На одной из пересадок пришлось почти сутки провести в зале ожидания. Маша обратила внимание на женщину с тремя детьми. Двое постарше спали на узлах, а маленького мать держала на коленях, поднимала поочередно его посиневшие ручки, дышала на них, согревая. У младенца запрокинулась головка, Маша хотела сказать матери, что это вредно для спящего, но тут увидела полуоткрытый ротик, по которому ползала муха, и поняла: ребенок мертв. Подходили соседки, потом появилась женщина в белом халате — врач или медсестра, следом пришел начальник вокзала, долго уговаривали ее и вместе с ребенком увели. Вернулась она одна, села, закрыла лицо платком, сдернутым с головы, и сидела, тихо постанывая. К ней подходили такие же, как она, странницы, расспрашивали, уговаривали.
Маше сказали, что ребенок страдал животиком, плакал, предлагали отправить в больницу, но мать не отдавала одного, а поехать с ним не могла, не с кем оставить двух других — трех и пяти лет.
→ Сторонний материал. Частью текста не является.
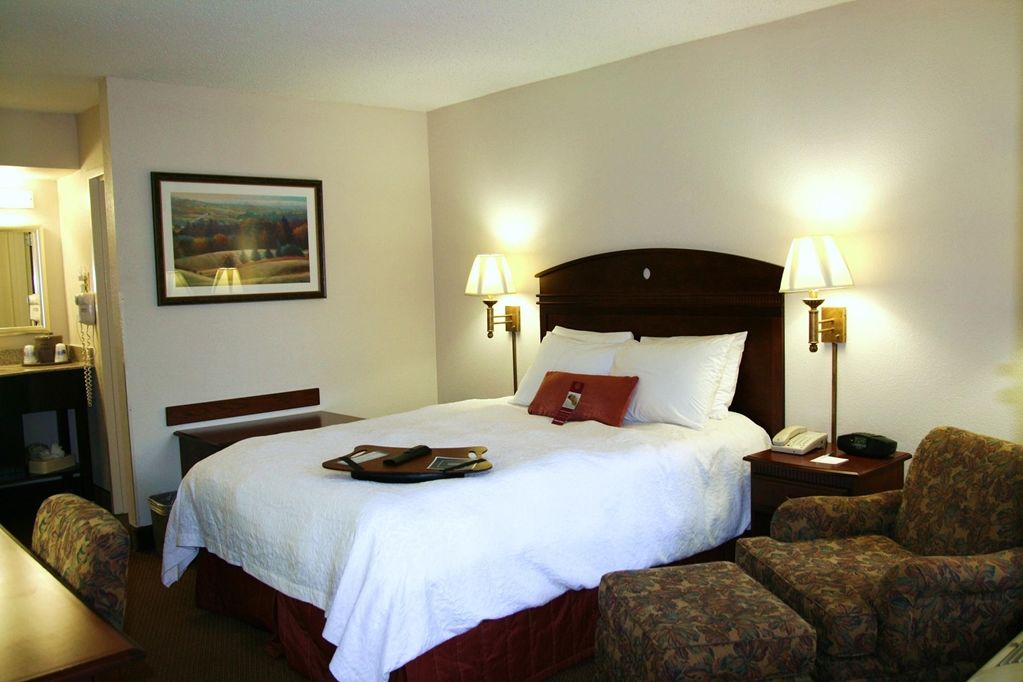 Hampton Inn Dalton Quarto foto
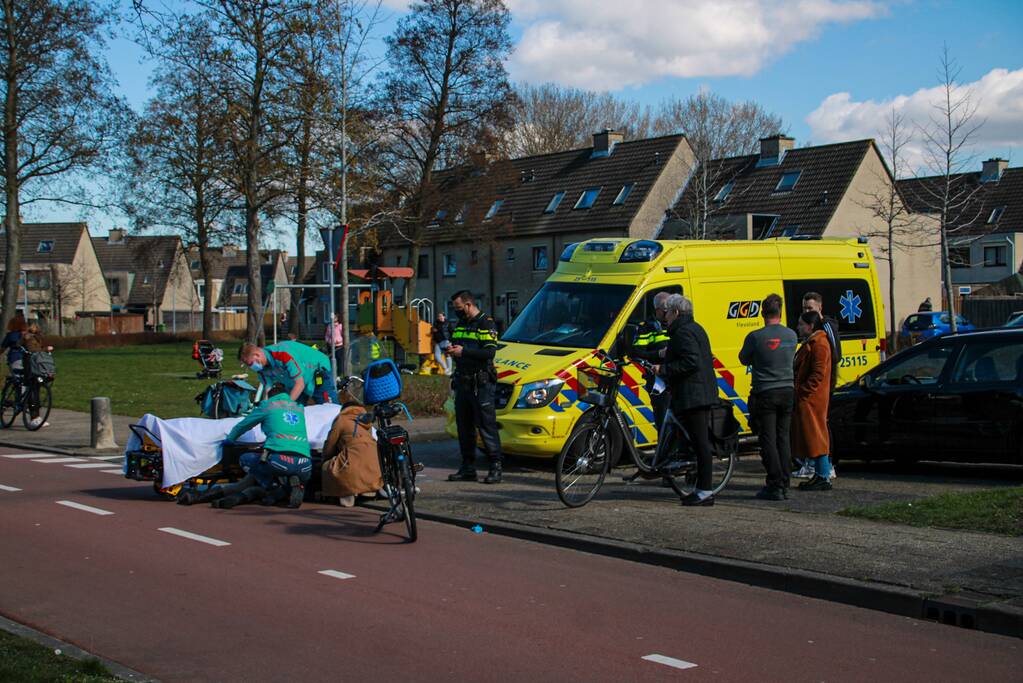 Fietsster gewond bij verkeersongeval op kruising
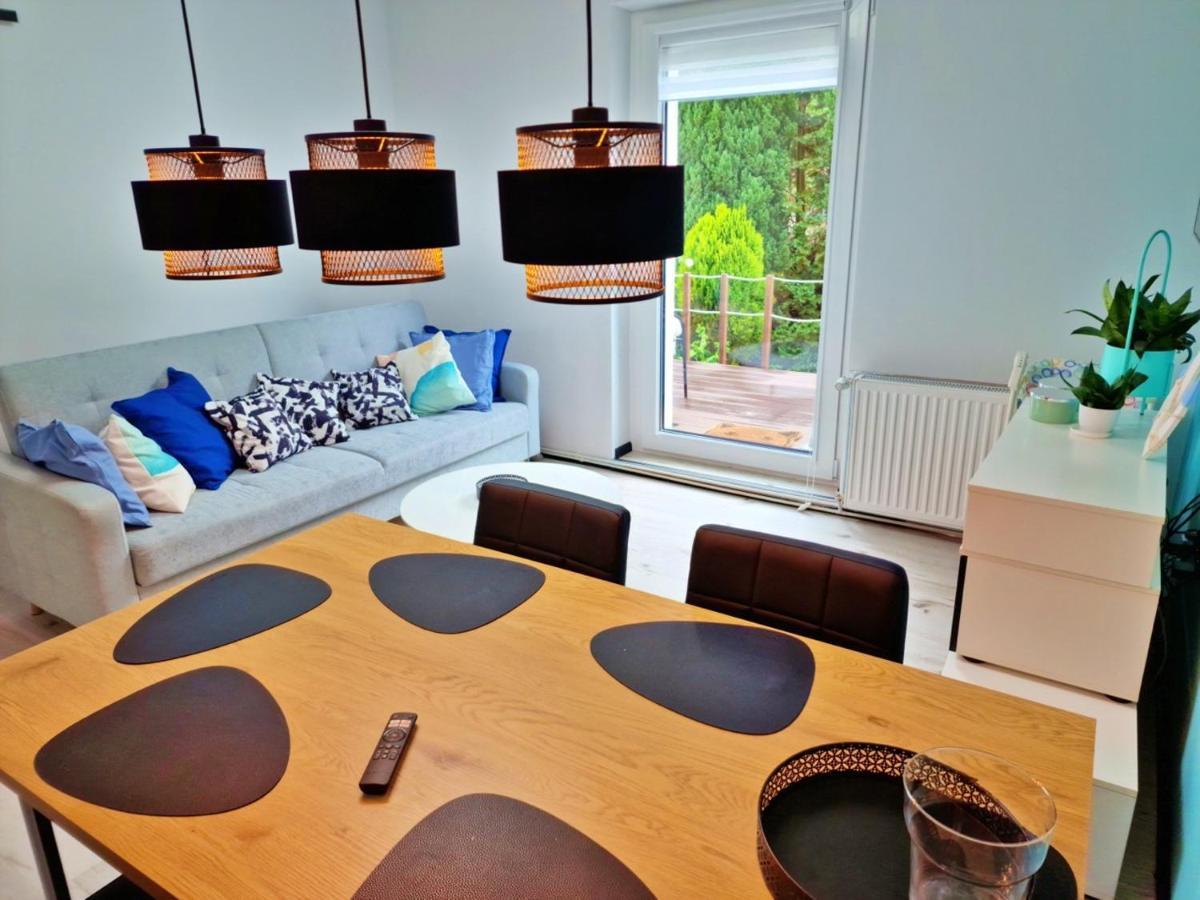 Kochanowskiego Apartamento Świnoujście Exterior foto
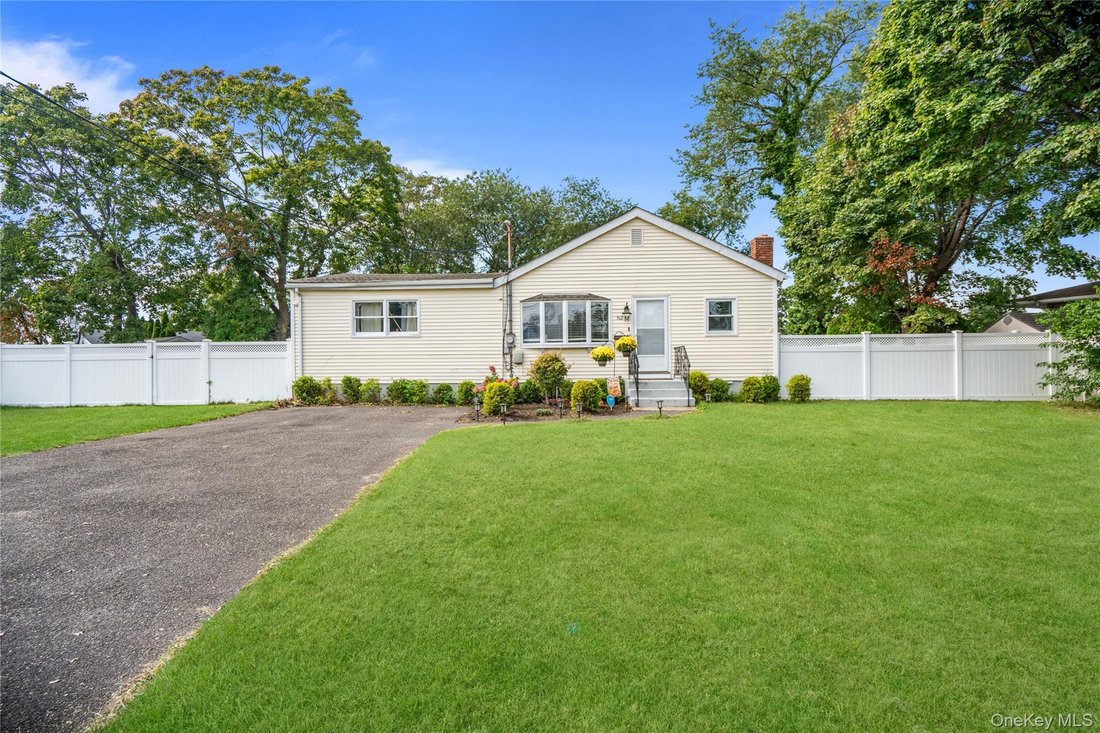 House in Deer Park, New York, United States 1 - 19031201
Теперь же, когда тело маленького взяли на вскрытие, мать маялась горем. Она не плакала, а все говорила и говорила: зачем делать вскрытие, он и так настрадался, согласилась — пусть хоронят на прибольничном кладбище, самой ей не похоронить, врачиха сказала, возле морга много детских могил, только сделают ли надпись: “Костенька Сысоев, год и пять месяцев”,— она просила сделать, чтобы найти, когда война кончится.
Женщины постепенно расходились, укладывались спать, кто на чем, а несчастная мать все продолжала говорить. Из ее тихого бормотания до Марии Николаевны доходили отдельные слова: “Что ж я теперь папке нашему скажу... не довезла тебя, сынок, прости меня... один тут останешься... все будут, а Костеньки нашего не будет...”
Дети, детишки, ребята наши, малые и большие, сколько вы натерпелись, сколько набедовались. Сколько вас убито-замучено, а скольких мы сами не смогли уберечь. И болели, и голодали, и терялись, и пропадали наши дети. И угоняли их, и стреляли их, и топили, и жгли фашисты.